In conclusione il motivo concernente il difetto di istruttoria e di motivazione è fondato e deve essere accolto, conseguendone l’annullamento dell’aggiudicazione e la necessità di rinnovare gli atti della gara relativi alla (sola) verifica di anomalia, attraverso un supplemento di istruttoria e, all’esito, in ogni caso, una più ampia motivazione da parte dell’amministrazione per verificare in concreto la serietà e l’effettiva sostenibilità, nell’esecuzione del contratto, dell’offerta economica, il tutto a garanzia dell’interesse pubblico, cui è preordinato il servizio, non meno che della leale concorrenza tra le imprese partecipanti alla gara.

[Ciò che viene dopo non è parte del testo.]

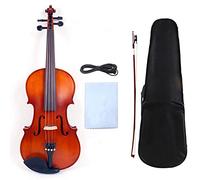 Electric Silent Violin 4/4 Maple+Spruce Hand-made Tone Case Full Size Violin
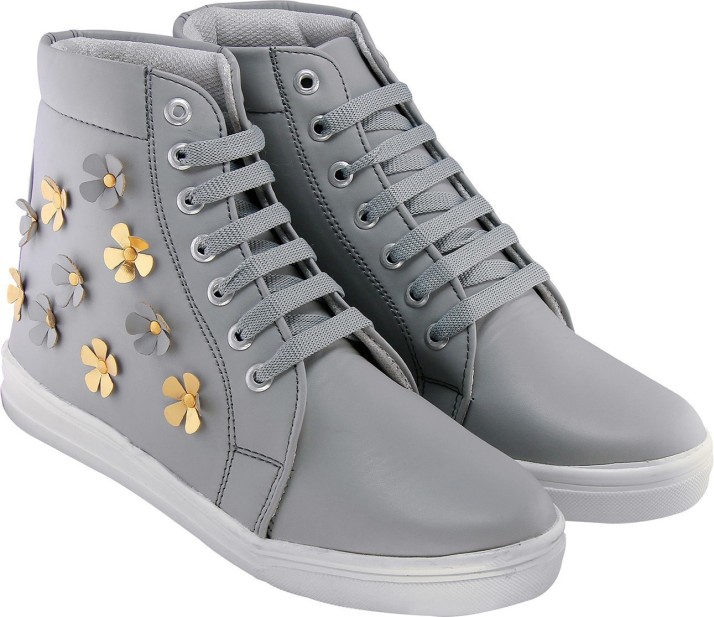 women's grey casual shoes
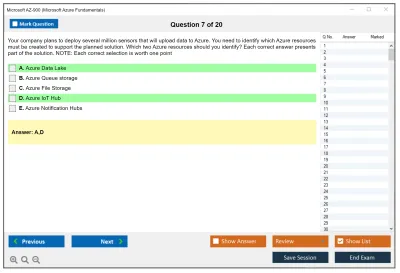 Microsoft AZ-900 Microsoft Azure Fundamentals Practice test exam simulator test engine exam Prep practice test questions answers Image 7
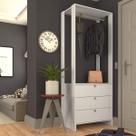 Estante Closet com 3 Gavetas e 1 Cabideiro - Branco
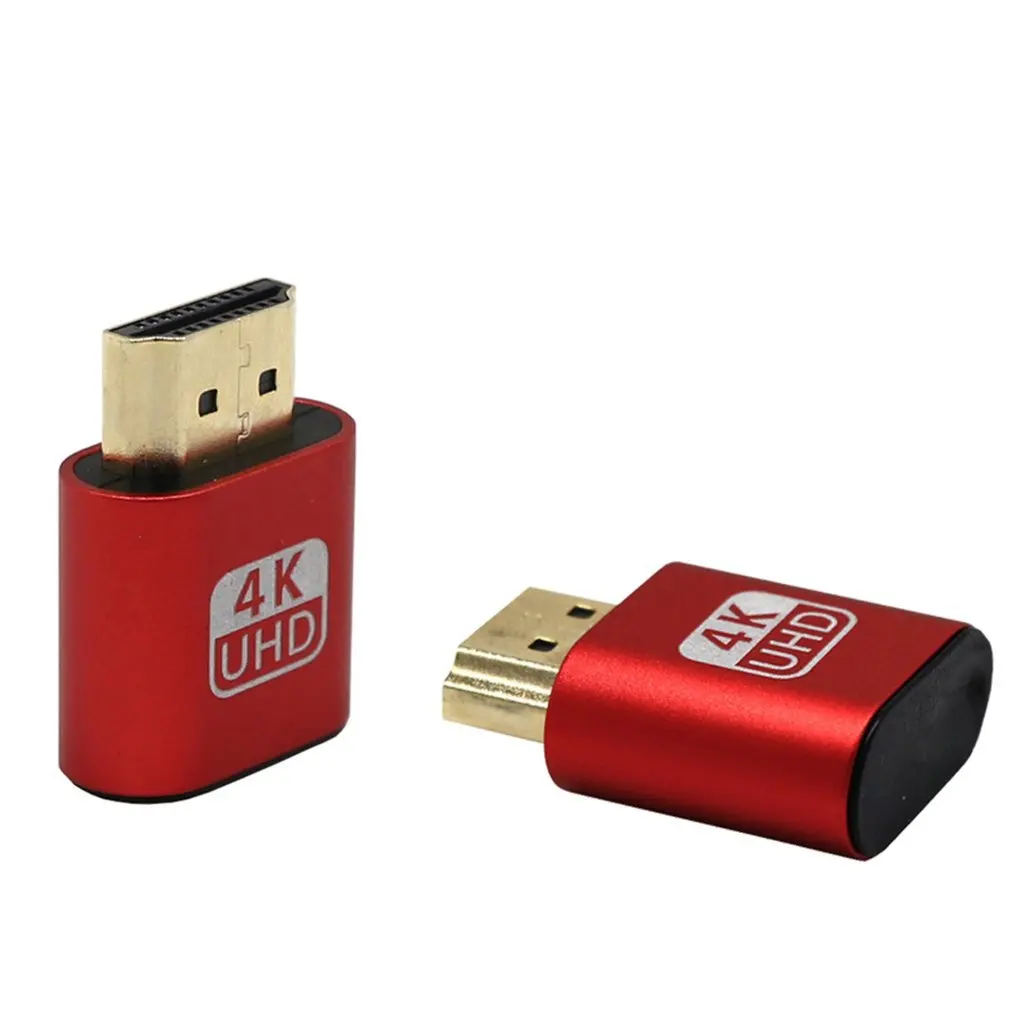 VGA Virtual Display Adapter HDMI-compatible 1.4 DDC EDID Dummy Plug Display Emulator Play Support 1920x1080P For Video Card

Le restanti domande, relative al contratto di appalto ove già stipulato o, in alternativa, al risarcimento del danno per equivalente, in quanto avanzate solamente in appello con la memoria del 9.2.2012, peraltro non notificata alle controparti, sono tardive a norma dell’art. 104 c.p.a.

Resta comunque ferma la possibilità di formulare la domanda risarcitoria ai sensi dell’art. 30 co. 5 c.p.a.